* GIVEN MATERIAL *
++++
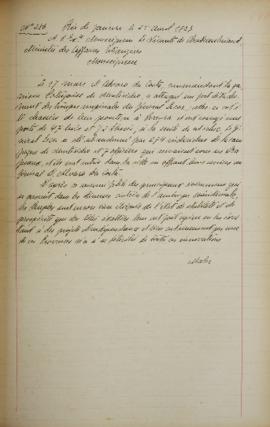 Despacho de 25 de abril de 1823, de Jean-Baptiste Maler (s.d.-s.d.), cônsul-geral da França no Br...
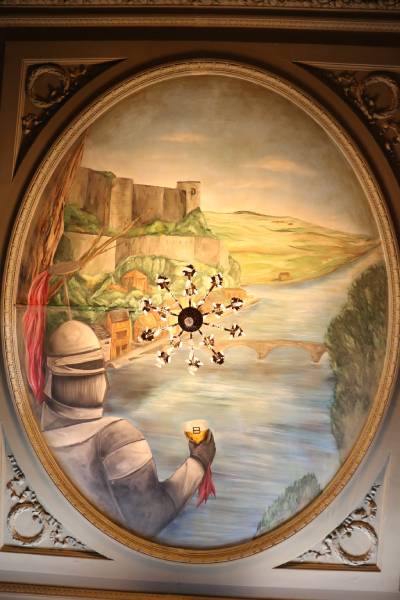 Fresque en trompe l’œil représentant un chevalier à Namur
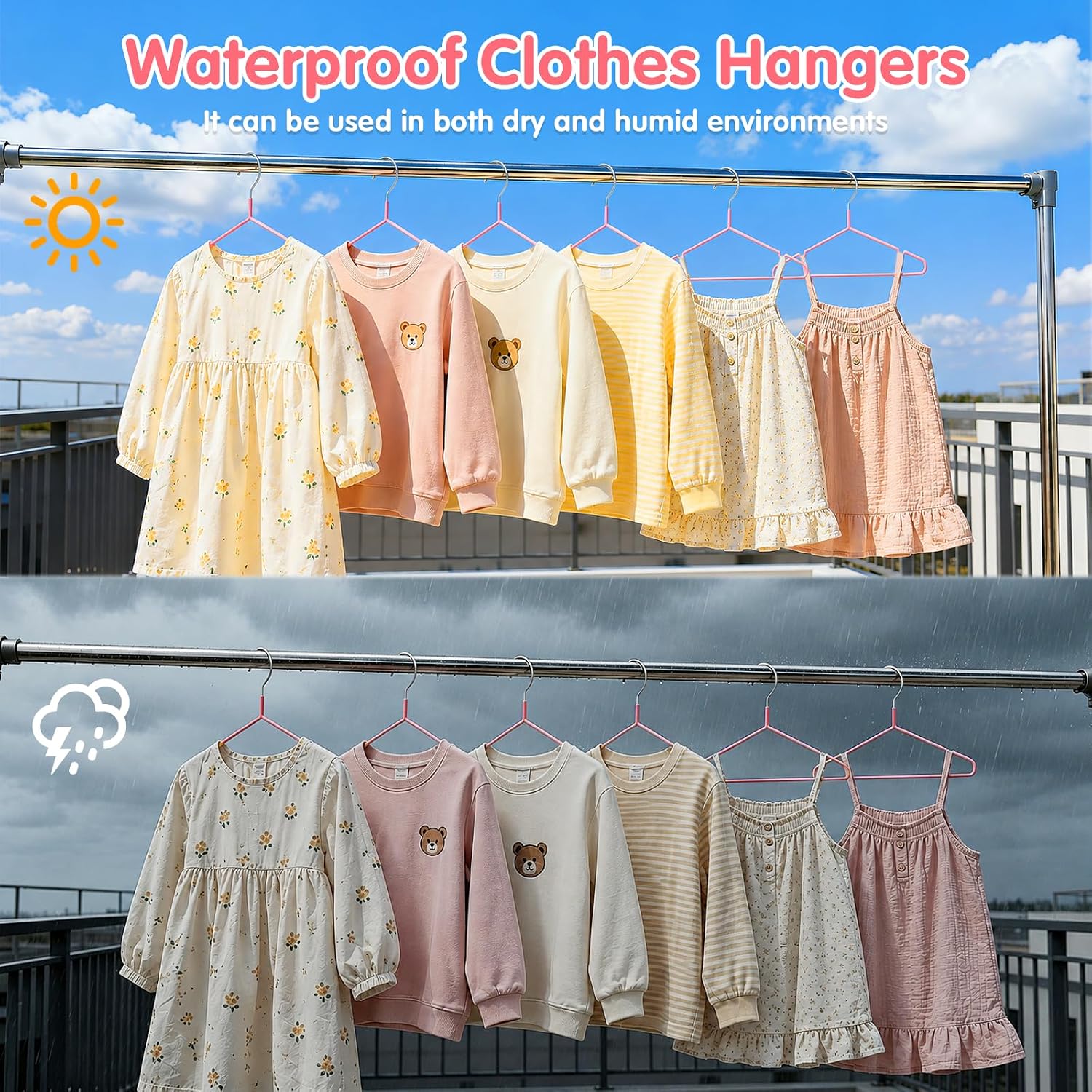 100 Pack Kids Hangers,Plastic-Coated Clothes Hangers for Kids,Children
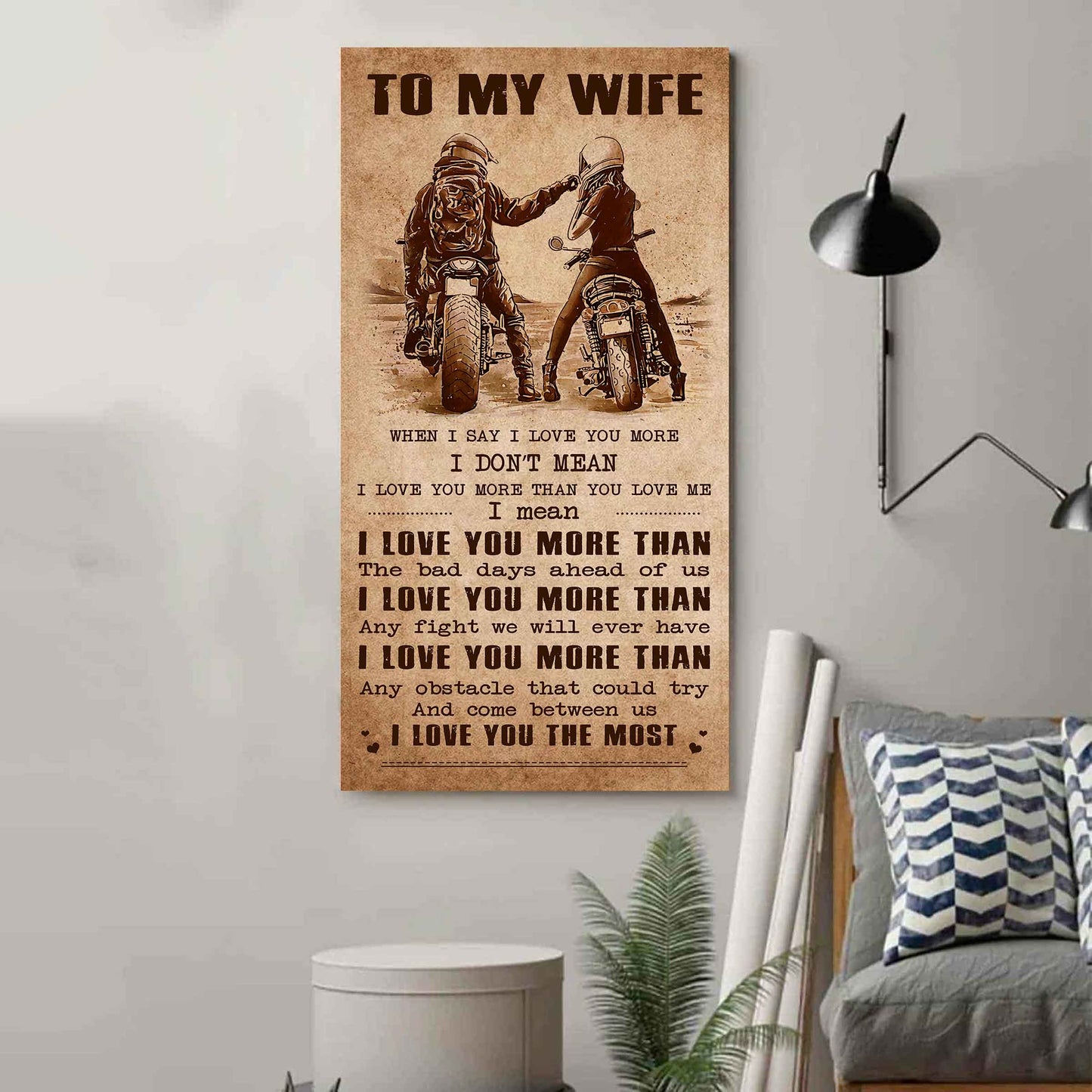 drb vgt- poster canvas to my wife when i say i love you more - i love you the most gift for your wife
++++
* EXERCISE *
Give the listing above again exactly, minus any images.

* ANSWER BOX *
 Despacho de 25 de abril de 1823, de Jean-Baptiste Maler (s.d.-s.d.), cônsul-geral da França no Br...
 Fresque en trompe l’œil représentant un chevalier à Namur
 100 Pack Kids Hangers,Plastic-Coated Clothes Hangers for Kids,Children
 drb vgt- poster canvas to my wife when i say i love you more - i love you the most gift for your wife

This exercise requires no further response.